++++ MATERIAL PROVIDED ++++

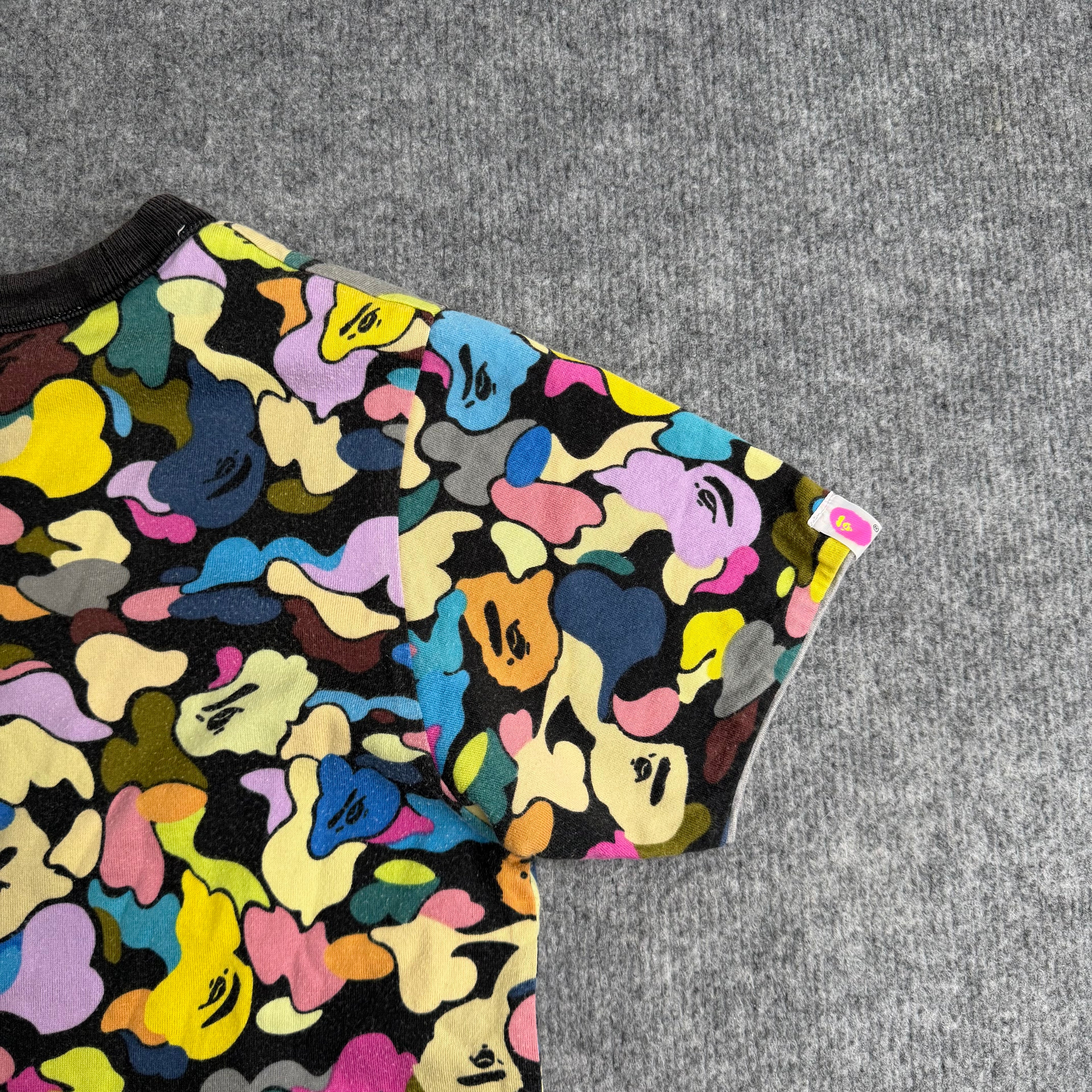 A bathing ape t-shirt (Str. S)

++++
++++ MATERIAL PROVIDED ++++

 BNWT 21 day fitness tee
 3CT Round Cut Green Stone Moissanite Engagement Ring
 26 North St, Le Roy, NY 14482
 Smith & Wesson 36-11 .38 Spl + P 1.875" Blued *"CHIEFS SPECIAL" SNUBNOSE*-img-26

++++

EXERCISE DESCRIPTION » Starting at the line that contains "26 North St, Le Roy, NY 14482" and stopping after the line that contains "Smith & Wesson", write out every line exactly as it appears above, and no other line.

RESULT OF THIS EXERCISE »
 26 North St, Le Roy, NY 14482
 Smith & Wesson 36-11 .38 Spl + P 1.875" Blued *"CHIEFS SPECIAL" SNUBNOSE*-img-26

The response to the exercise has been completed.